_Problem details_. Retype precisely the section of the data that starts at the line containing "3MZBN1M39JM265774 2018 MAZDA 3" and runs to its final line, ends included.

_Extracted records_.
══════════════════════════════
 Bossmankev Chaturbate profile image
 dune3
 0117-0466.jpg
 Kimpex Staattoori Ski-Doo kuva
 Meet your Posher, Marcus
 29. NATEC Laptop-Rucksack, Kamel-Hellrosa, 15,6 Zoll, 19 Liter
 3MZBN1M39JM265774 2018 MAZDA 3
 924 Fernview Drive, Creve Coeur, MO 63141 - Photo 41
══════════════════════════════
_Task solution_.
 3MZBN1M39JM265774 2018 MAZDA 3
 924 Fernview Drive, Creve Coeur, MO 63141 - Photo 41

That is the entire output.